La fumée blanche est sortie. Le second l’a emporté, infligeant un rare camouflet au magnat tchèque qui a fait fortune dans l’énergie. Le golden-boy du 16e arrondissement, que le monde des affaires observe avec curiosité depuis des mois, se remémore sans doute ce moment où Bertrand Meunier, du temps où il présidait encore aux destinées d’Atos, n’avait même pas daigné le recevoir.

Alliance avec des fonds spéculatifs

La victoire de David Layani, c’est celle d’un homme qui n’est pas du sérail, qui ne sort pas des grandes écoles, comme il le rappelle souvent. Alors qu’il a perdu autour de 75 millions d’euros avec la chute du cours d’Atos, dont il est le premier actionnaire, son audace, ses coups tactiques, parmi lesquels son alliance avec des fonds spéculatifs – cette espèce dont la place de Paris se méfie comme du diable -, ont payé.

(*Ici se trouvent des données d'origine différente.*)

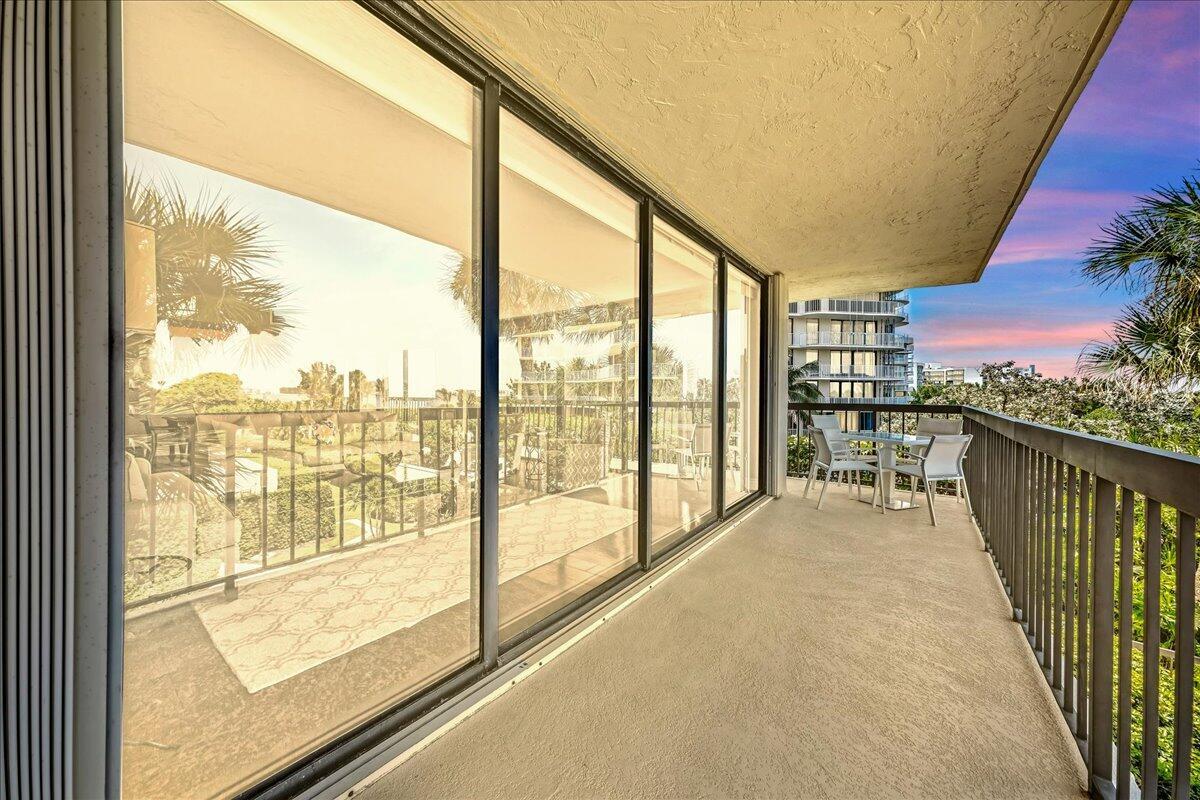 Palm Beach, Florida, 33480, United States, 3 Bedrooms Bedrooms, ,3 BathroomsBathrooms,Residential,Active,1954435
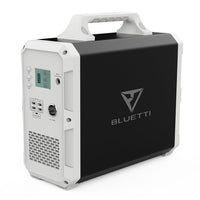 BLUETTI EB150 Portable Power Station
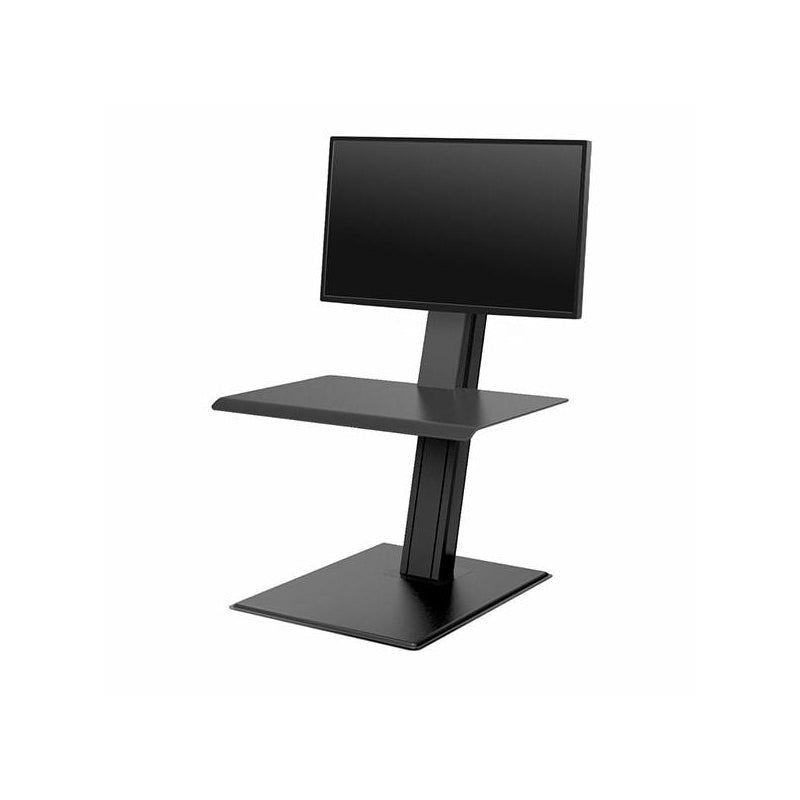 QuickStand Eco Single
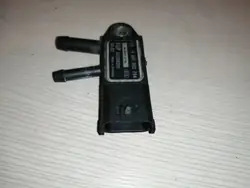 Sensor de pressão do ar OEM 55200301 para Opel Vectra C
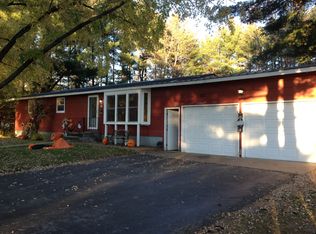 216 N 5th St, Muscoda, WI 53573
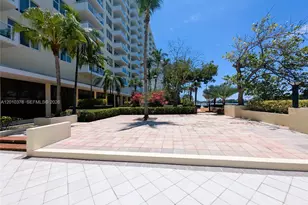 5600 Collins Ave, Miami Beach, FL 33140 - Photo 64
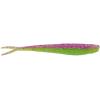 imageBerkley PowerBait Minnow Fishing Soft BaitMagic Man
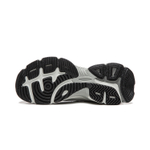 Li-Ning Chunky Sneakers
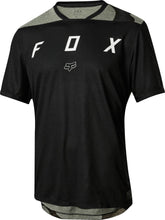 Cargar imagen en el visor de la galería, Jersey para Hombre FOX INDICATOR SS MASH CAMO JERSEY 001
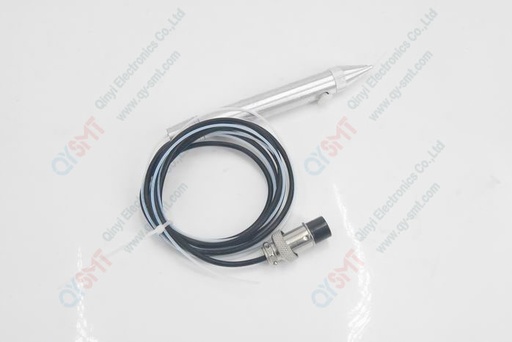 [QY27022456] Model - TP-50 ,  ONLY NOZZLE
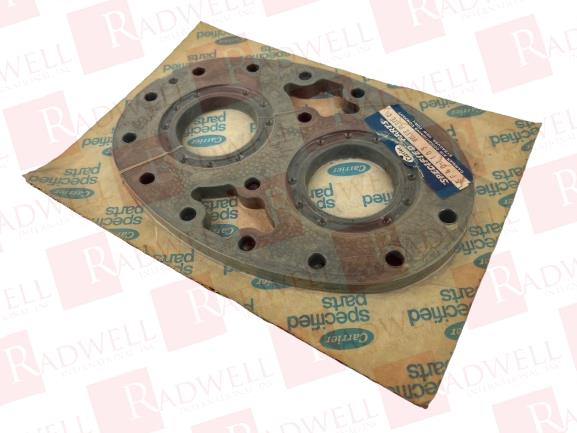 UNITED TECHNOLOGIES 5F40-1103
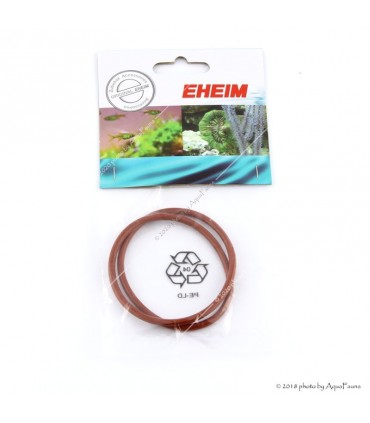 Eheim Classic 2213 tömítőgyűrű a szűrőfejhez (7273118)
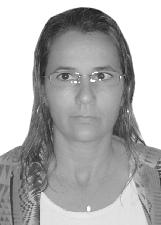 Foto de MARCIA ROSELY PINTO DA SILVA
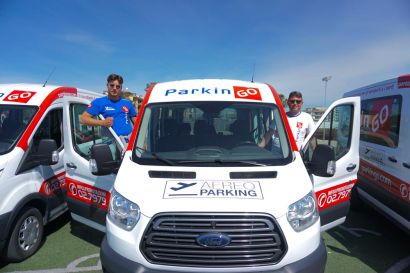 Parcheggio aeroporto e porto napoli parkingo_003 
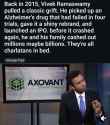 858 KB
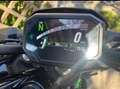 Kawasaki Z 650 Groen - thumbnail 3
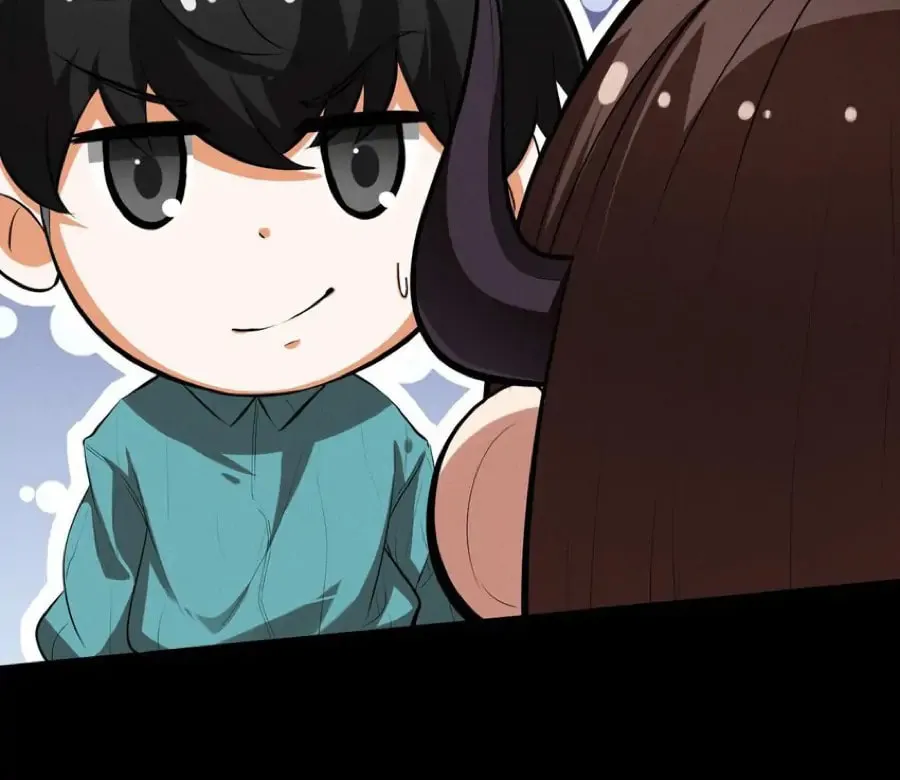 Read Stop Summoning Me! chapter 37 image 49 on Lezhin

Quel est donc le moteur de ce self-made-man de 45 ans, que beaucoup ont comparé à la grenouille qui veut se faire plus grosse que le boeuf ? « Je ne pense pas qu’il recherche la richesse – il l’a déjà -, c’est plutôt la puissance », hasarde l’un de ses anciens collaborateurs. Le dirigeant, cheveux blonds plaqués en arrière, classé 161e fortune française, avec un patrimoine estimé à 800 millions d’euros par « Challenges », a sans doute un certain besoin de reconnaissance. Il prépare depuis longtemps son entrée dans la cour des grands.

Son mot fétiche ? « Accélérer ». C’est peu dire qu’il passera à la vitesse supérieure en croquant le vieux fleuron de l’informatique, s’il va au bout du processus. Sa société Onepoint bondira d’un seul coup de 3.500 salariés à près de 100.000. Et son chiffre d’affaires, de 500 millions d’euros, selon ses dires, à plucops de 10 milliards ! Un formidable raccourci pour cet homme pressé.

Le rêve américain de Thierry Breton

A l’automne dernier, quand la bataille entrait dans le dur, David Layani le reconnaissait sans détour, cette prise ferait « gagner dix ans de développement » à son entreprise. L’opération devait notamment lui ouvrir les portes du marché américain. Un rêve que Thierry Breton, l’ancien patron d’Atos devenu commissaire européen, avait lui-même concrétisé en rachetant au prix fort la société Syntel. « Mettre la main sur le business américain, c’est tout l’intérêt du projet. Ça nous apporterait beaucoup », lâchait, comme une évidence, le quadra beau parleur.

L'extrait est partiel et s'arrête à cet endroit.